Sovereign Default and State-Contingent Debt
20 Pages Posted: 5 Dec 2013
Date Written: November 19, 2013
In recent decades, the common perception had been that sovereign debt crises were unlikely to occur in advanced economies. Events in the euro area over the past few years, however, have undermined this view.
The sovereign debt restructuring in Greece and the events surrounding the IMF-EU support packages for Ireland, Portugal and Cyprus have exposed fault lines in the existing practices for sovereign debt crisis resolution — perhaps most importantly, an overreliance on official sector liquidity support. This paper argues that the current approach is suboptimal for five main reasons: (i) it increases the risk of moral hazard; (ii) it incentivises short-term lending, which can increase the risk of liquidity crises; (iii) it puts an inequitable amount of tax-payer resources at risk; (iv) substantial official sector holdings of an insolvent sovereign’s debt can complicate negotiated debt write-downs; and, (v) it can delay necessary reforms thereby requiring larger policy adjustments to be implemented when action is eventually taken.
In response to these deficiencies, this paper argues that, for reasons of equity and efficiency, private creditors should play a greater role in risk-sharing and helping to resolve sovereign debt crises. We propose the introduction of two complementary types of state-continent bonds — ‘sovereign cocos’ and ‘GDP-linked bonds’.

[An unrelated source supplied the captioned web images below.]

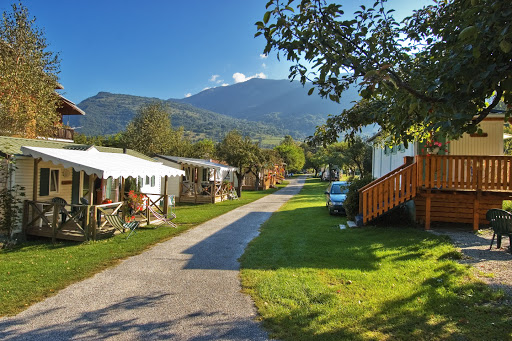 Camping 3 étoiles calme et familial proche du col de la Madeleine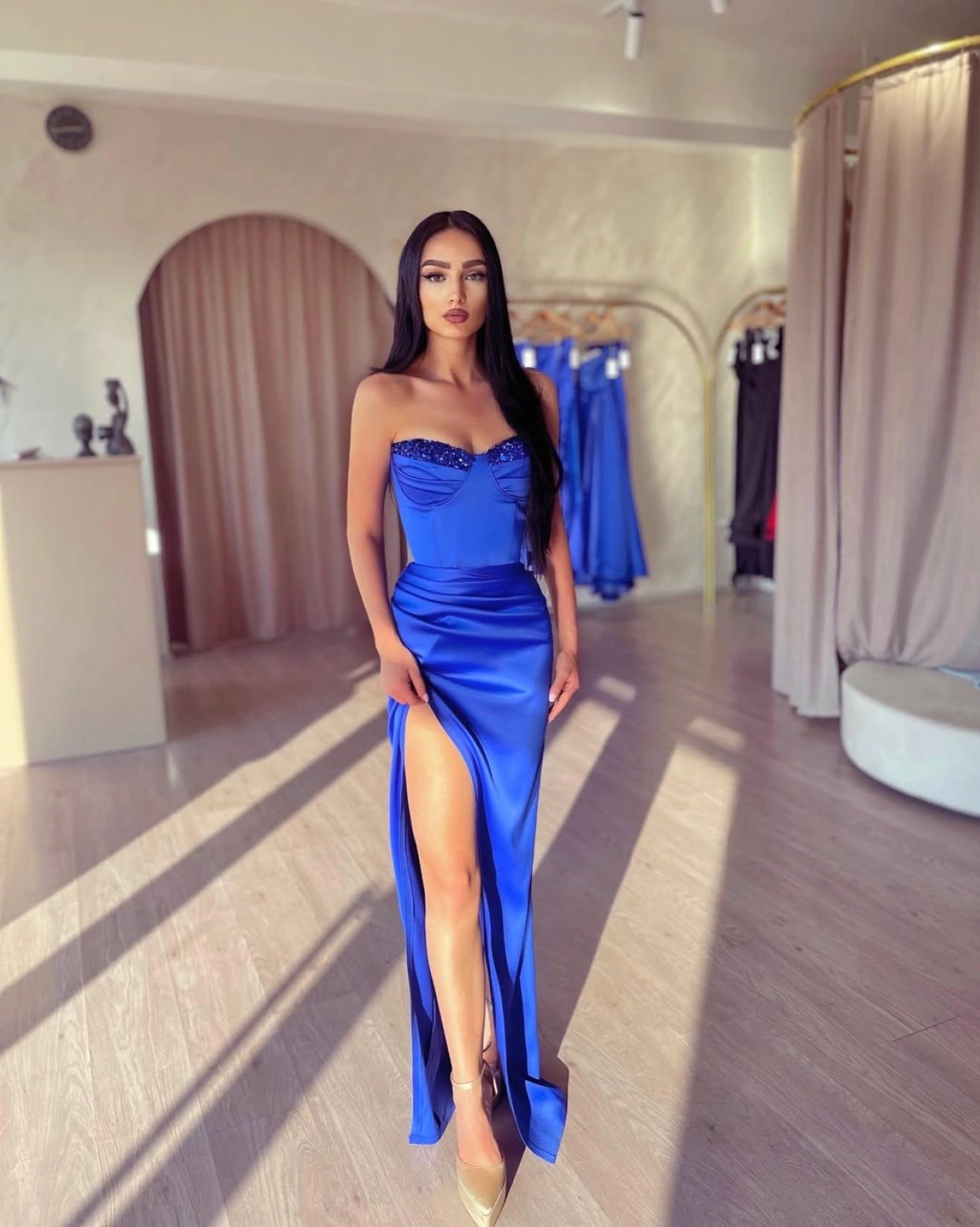 Рокля Anastasia синя тафта с чашки и пайети на бюста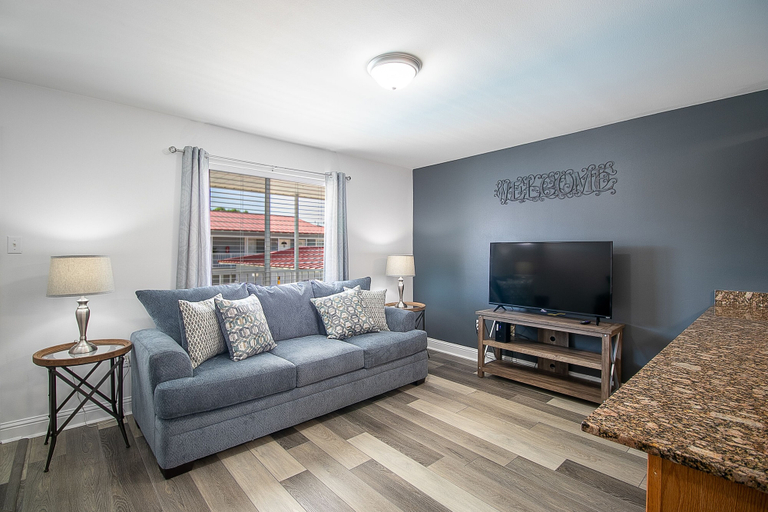 Others 1, Oak Shores 126, Harrison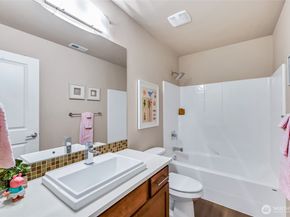 502 S 187th Lane, Burien WA 98148
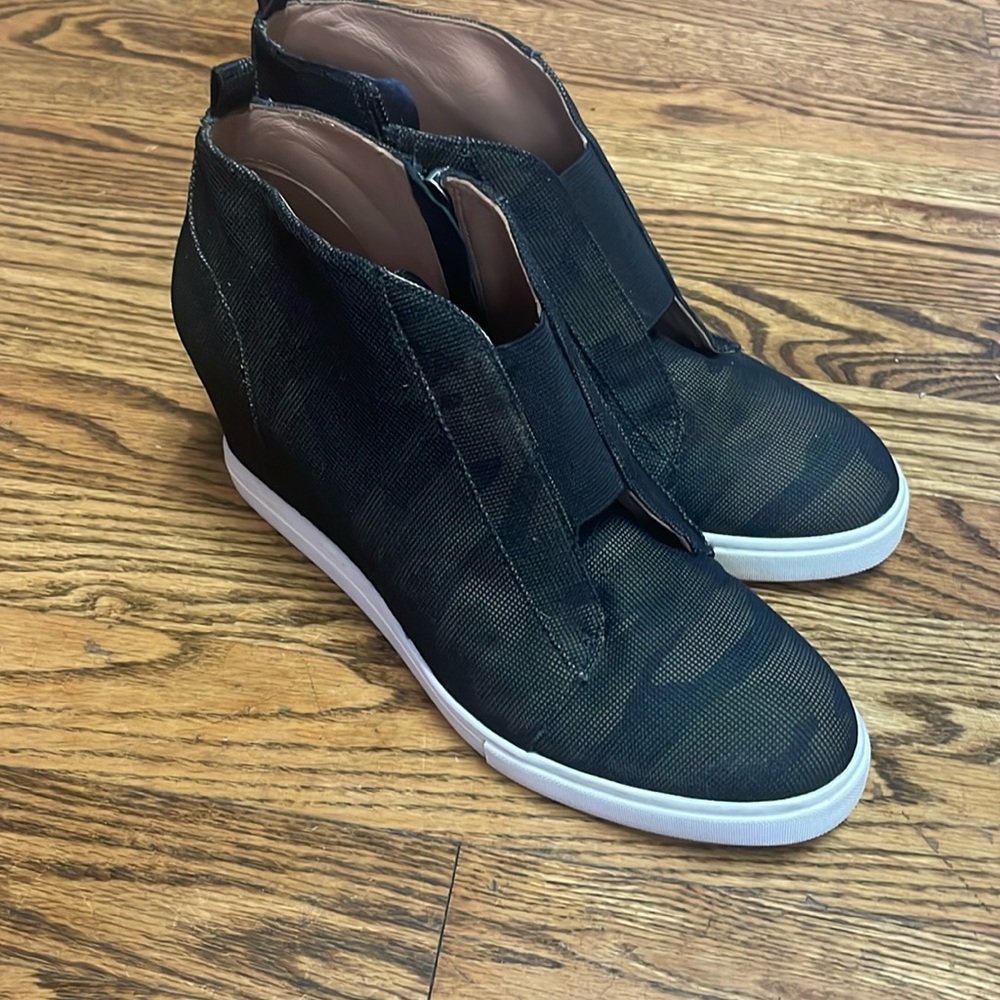 L. Paolo camo wedge sneaker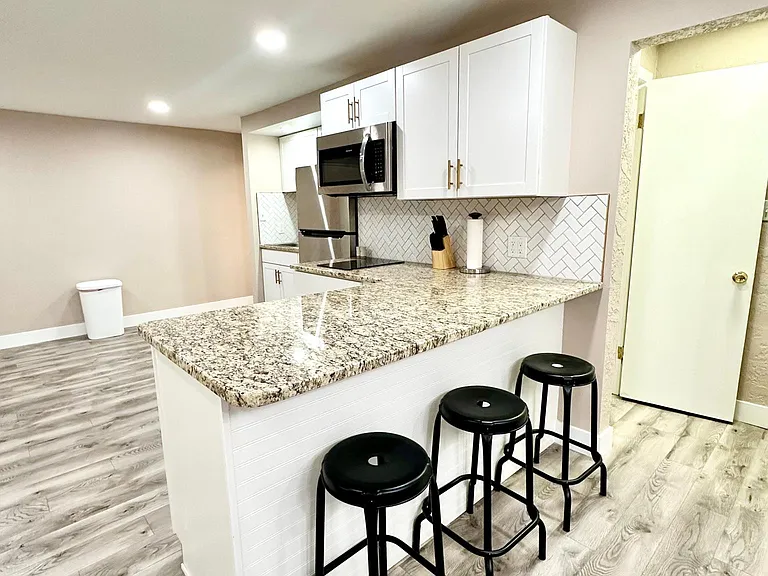 2865 Olive Dr — Photo 4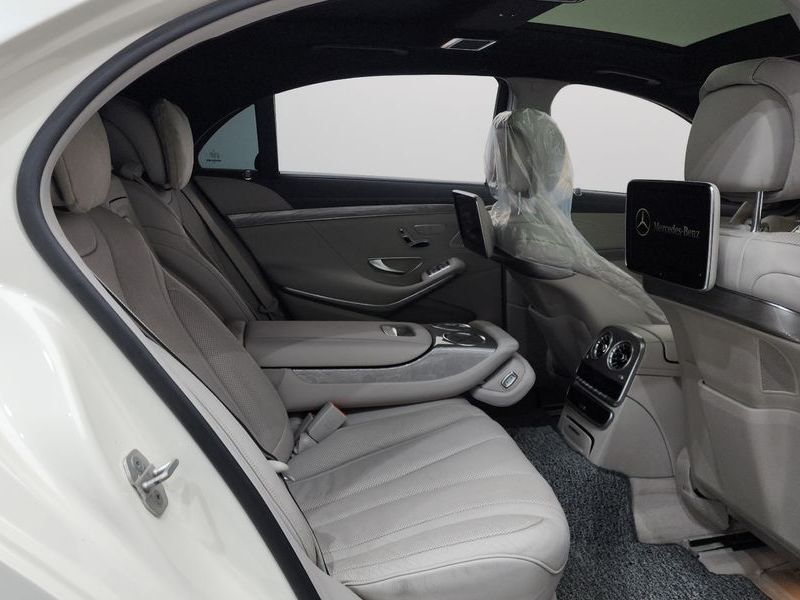 2016 Mercedes-Benz S-Class S350L d 4MATIC photo 12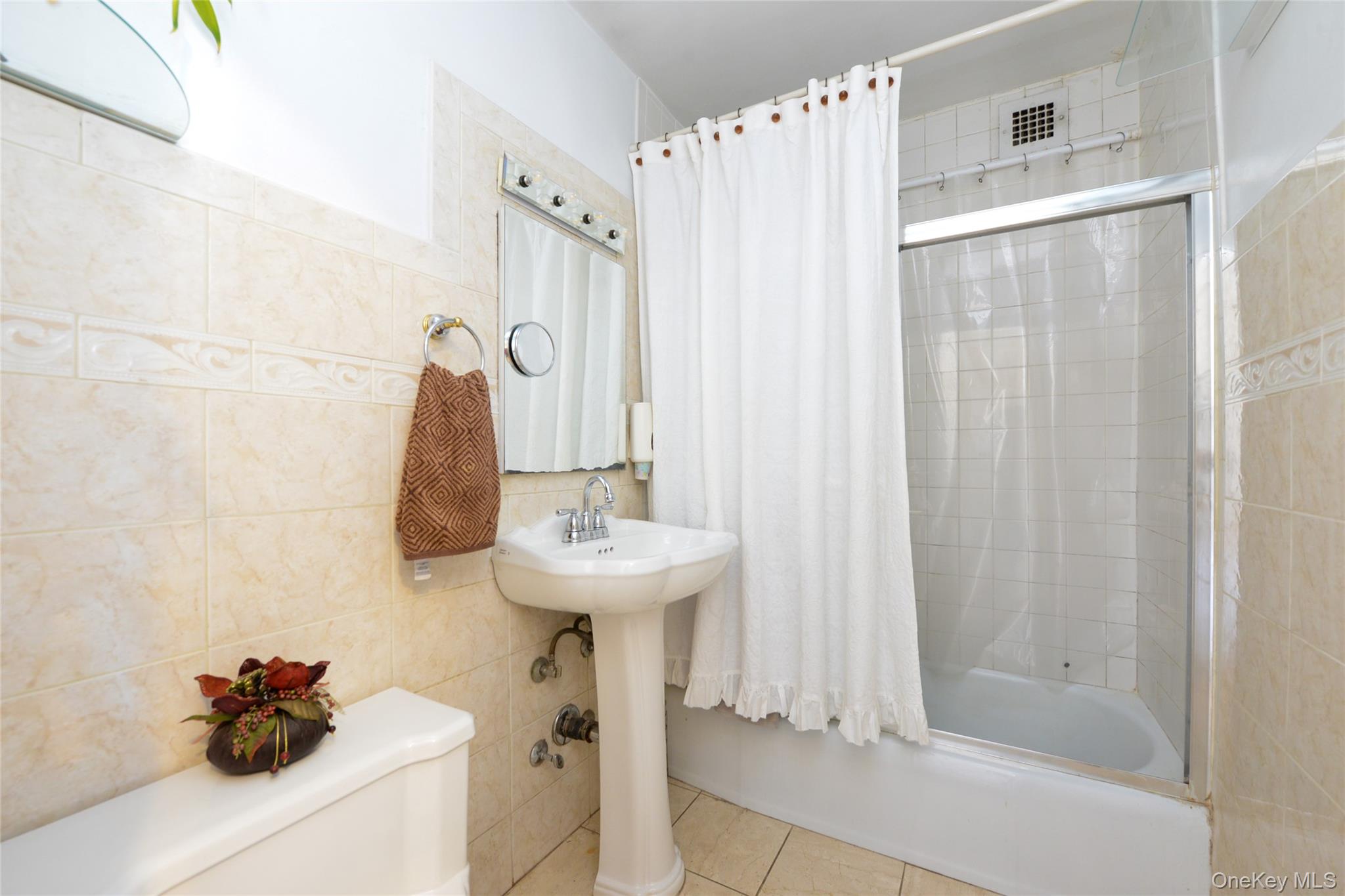 61-20 Grand Central, Unit B 508 photo 15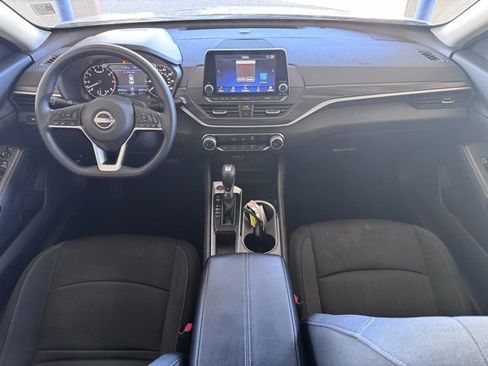 Used 2024 Nissan Altima 2.5 SV image 13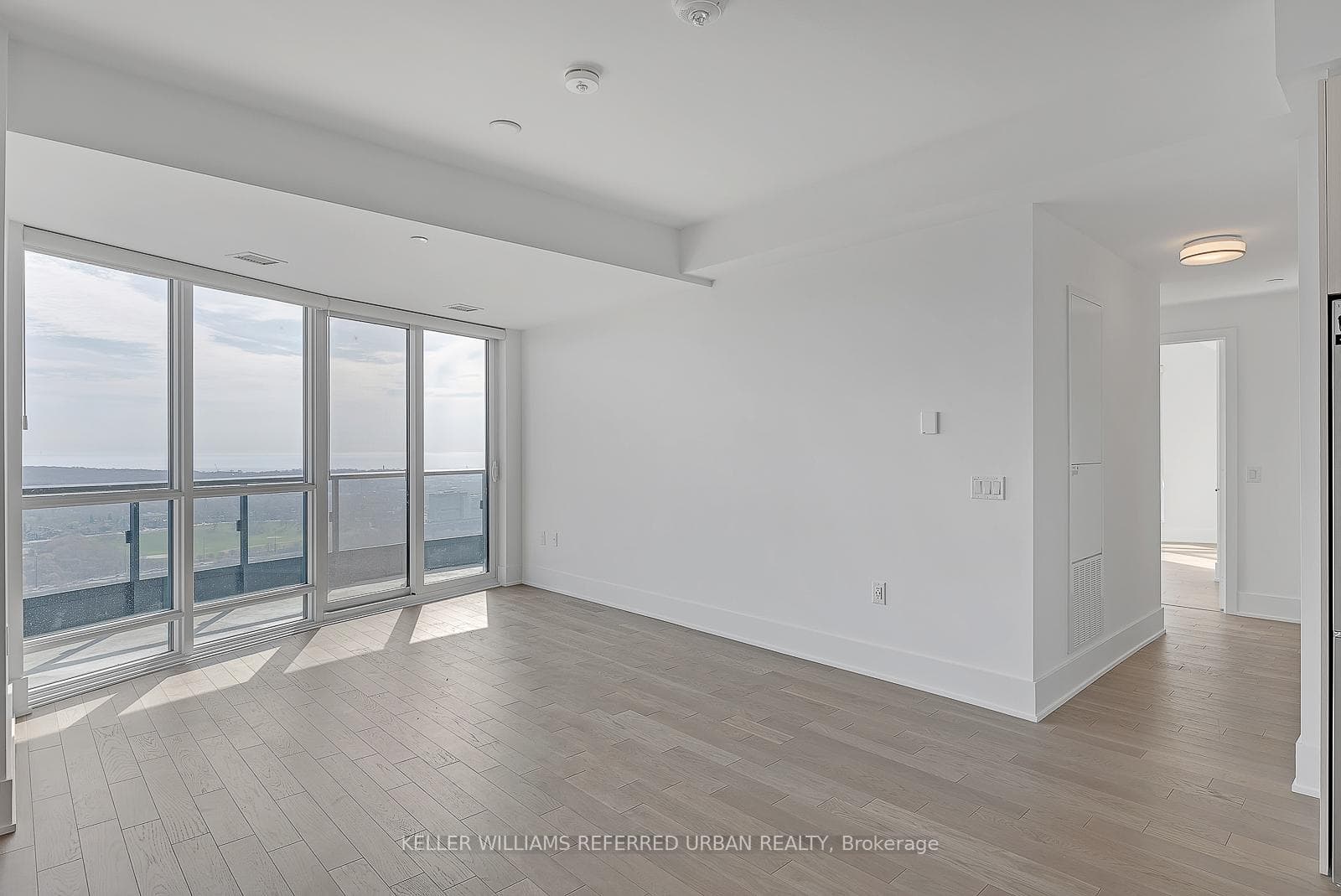 585 Bloor Street Unit 4118 photo 13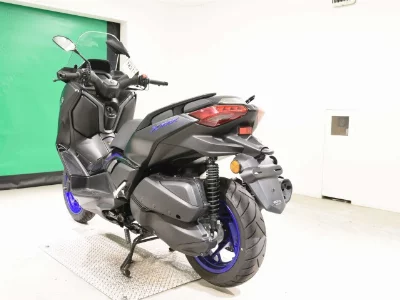 Yamaha X-MAX250-2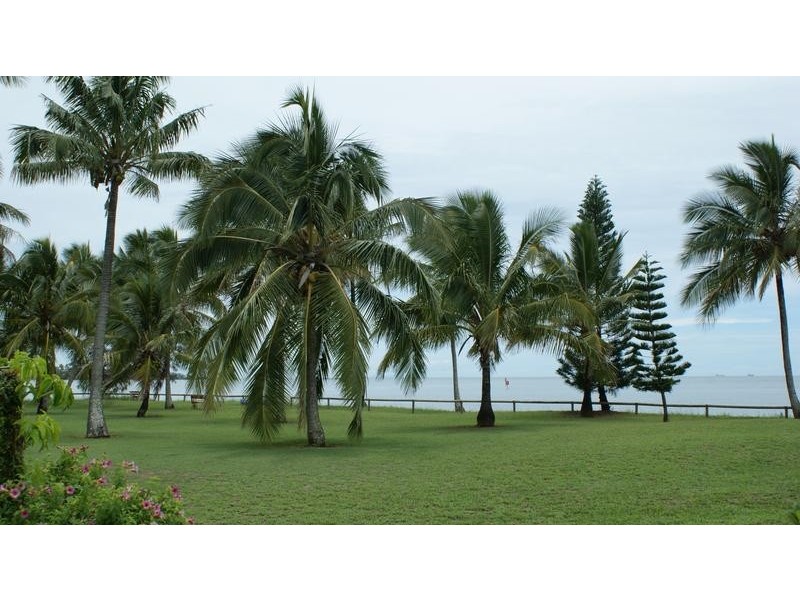 152 The Esplanade, Grasstree Beach QLD 4740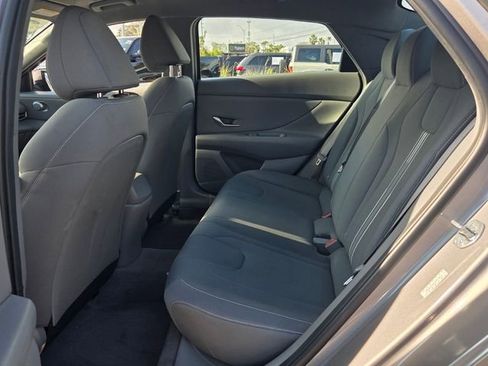 Used 2023 Hyundai Elantra SEL w/ Preferred Accessory Package image 13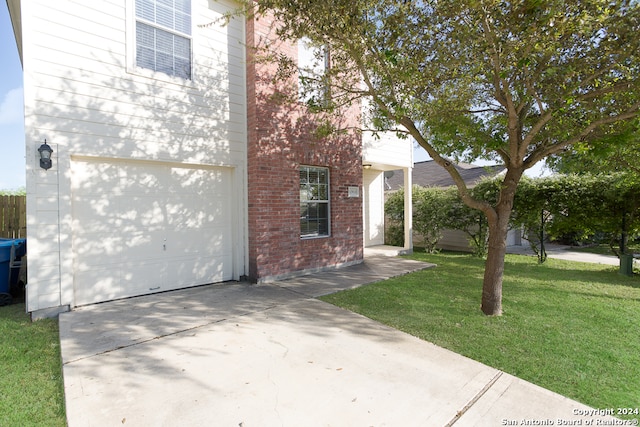 view of front of house with a front lawn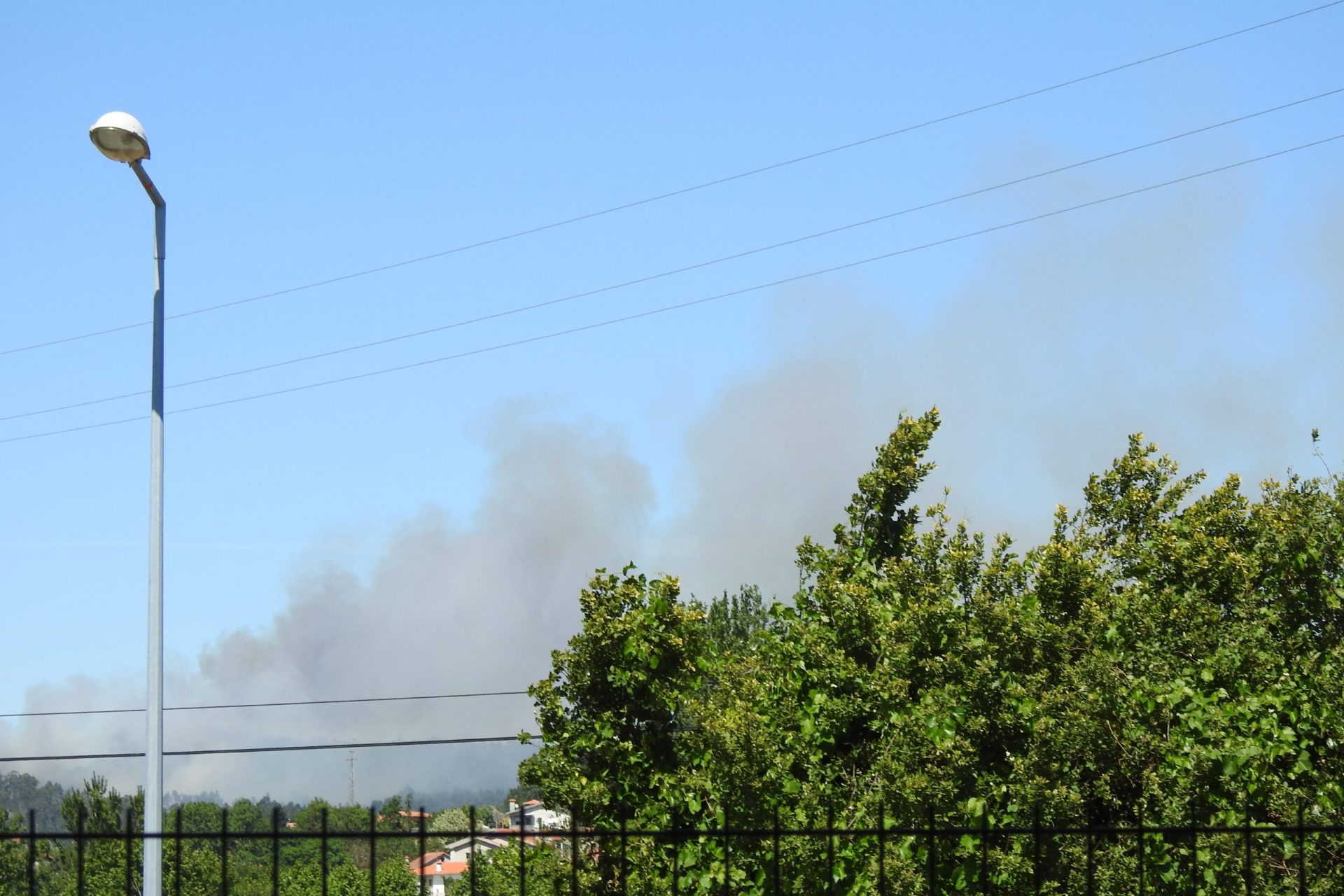 Incêndio florestal a sul de Braga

Sovereign cocos are bonds that would automatically extend in repayment maturity when a country receives official sector emergency liquidity assistance. This predictable and transparent means of bailing-in creditors would increase market discipline on sovereigns to prudently manage their debt, ex-ante, thus reducing the incidence of crises. And, it would reduce the size of official sector support packages once a crisis has hit, as amortising debt would no longer need to be covered by program financing.
GDP-linked bonds are debt instruments that directly link principal and interest payments to the level of a country’s nominal GDP. They provide a natural complement to sovereign cocos. While sovereign cocos are primarily designed to tackle liquidity crises, GDP-linked bonds help reduce the likelihood of solvency crises. This is because GDP-linked bonds provide a form of ‘recession insurance’ that reduces principal and interest payments when a country is hit by a negative growth shock. This helps to both stabilise the debt-to-GDP ratio and increase a sovereign’s capacity to borrow at sustainable interest rates. While all countries might experience some benefit from the use of GDP-linked debt, economies with higher GDP growth volatility (such as emerging market economies) or countries where monetary policy is constrained (such as those in a monetary union) are likely to benefit most.
The promotion of collective action clauses (CACs) by the G10 and the major emerging market economies in the mid-2000s provides evidence that it is possible for the international community to reach agreement on, and implement, changes to the contractual terms of sovereign debt. This experience suggests that it would be possible to implement the two types of state-contingent bonds proposed in this paper.